In the press release, MTY CEO Eric Lefebvre lauded Papa Murphy’s 35-year history, loyal customers and the growth potential of the pizza market, and said the merger would bring “tremendous opportunities” for MTY’s expansion in the United States.
“This is an important transaction for MTY as we add a brand with a differentiated position in pizza to our existing U.S. portfolio,” he said in a statement. “We are thrilled about the prospect of welcoming the Papa Murphy’s brand, its franchise partners and employees, to the MTY family.”
Reactions to the merger
Ken Giles, a Woodland-area resident and former co-owner of six Papa Murphy’s franchised locations in Minnesota, said he thought Thursday’s announcement was a good sign for the company and for franchise owners.
In particular, he said he was pleased to see the pizza chain acquired by a restaurant company rather than a private equity firm, which he said he feared would have “raided and burned” the franchise.
“My gut reaction is that this buyer is a good fit,” he said. “It exceeded my expectations.”
Giles speculated that Papa Murphy’s will likely become the biggest brand in MTY’s lineup in terms of number of locations, which he said is a good position for the Vancouver company because it will force MTY to devote substantial attention to reversing the pizza chain’s fortunes.
Giles sold his own restaurants two years ago after 17 years in the business, in part because he wanted to retire, but he said the decision was also prompted by the difficulties he and other franchise owners faced in the past five to 10 years, during which he said the pizza chain has declined from its heyday.
“The pain has been extremely high in the Midwest, and those states outside of the Northwest,” he said.
Giles did voice a note of concern about the amount of money MTY will need to borrow to pay for the acquisition, which he said could put financial stress on the combined business entity.
Magana said the merger made sense for both companies, and described it as a good deal for MTY that would help it break into the U.S. pizza market.
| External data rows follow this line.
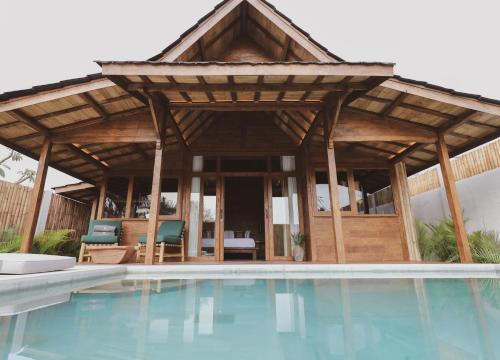 um pavilhão com piscina em frente a uma casa em Kalyana Villa Gili Air em Gili Air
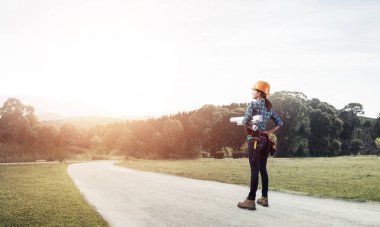 Kasklı genç bir kadın asfalt yolda elinde planlarla dikiliyor. İş kıyafetlerindeki kadın mimarın kırsal kesimdeki yeni inşaat alanlarını kontrol edişinin arka görüntüsü. Yol altyapısı yeniden yapılandırması.
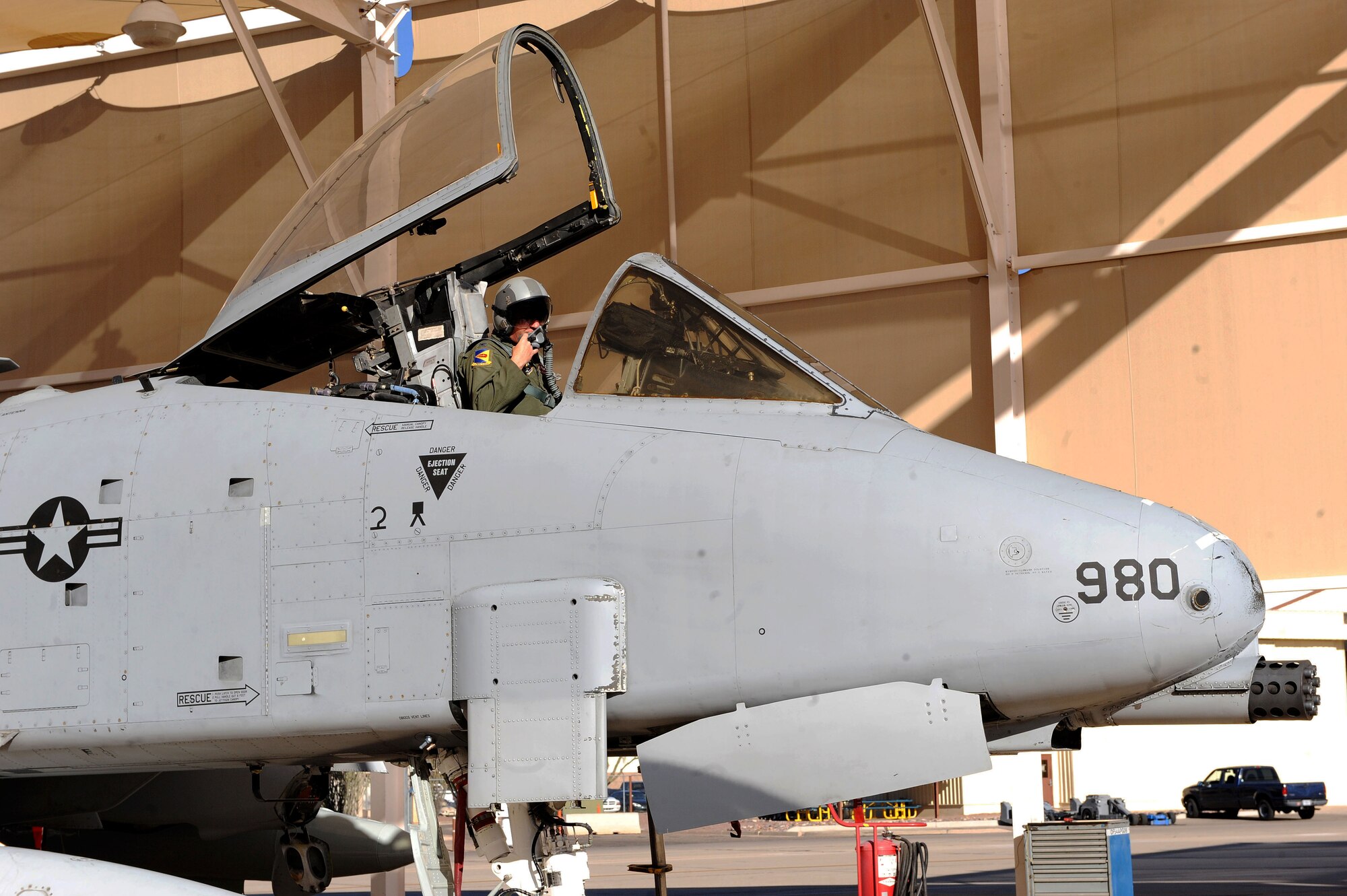 U.S. Air Force Col. Phil Wielhouwer, 355th Operations Group commander, communicates with maintainers as he sits in an A-10 Thunderbolt II at Davis-Monthan Air Force Base, Ariz., Oct. 25, 2013. Wielhouwer and four other D-M pilots traveled to Moody AFB, Ga., to bring back five A-10s. These planes were flown to Moody from Spangdahlem Air Base, Germany, after the 81st Fighter Squadron there was inactivated. (U.S. Air Force photo by Airman 1st Class Saphfire Cook/Released) (cropped)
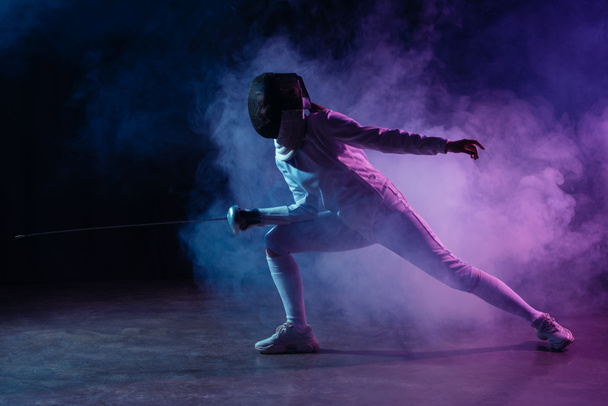 Swordswoman fencing with rapier on black background with colorful smoke  - Photo, Image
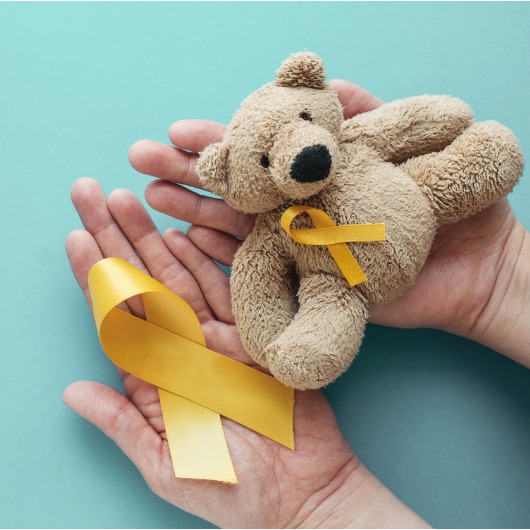 Hands holding children soft toy brown bear with yellow gold ribbon, Childhood cancer awareness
The purchase price per share is likely high enough to ensure the merger goes through, he added.
“It’s high enough above where the stock closed (on Wednesday) that they should win over enough of the shareholders to close the deal,” he said.
There are also potential benefits for Papa Murphy’s and its franchisees, he said. The combined entity would be able to find cost savings due to operating as one public company rather than two, and Papa Murphy’s would likely benefit from MTY’s added clout when negotiating with suppliers for prices on raw ingredients.
Analyst Colin Kelly, speaking on behalf of Spokane-based Signia Capital Management, which is Papa Murphy’s third-largest shareholder, said the firm believes Papa Murphy’s has been taking the right steps to position itself for future growth. He said the brand can continue to expand under MTY once same-store sales are stabilized.
“We believe that the average franchise owner is likely to see MTY be even more aggressive on growth initiatives such as online, mobile, and delivery,” Kelly said. “Papa Murphy’s has lagged its competitors in those areas, so those investments should ultimately be beneficial to franchise owners.”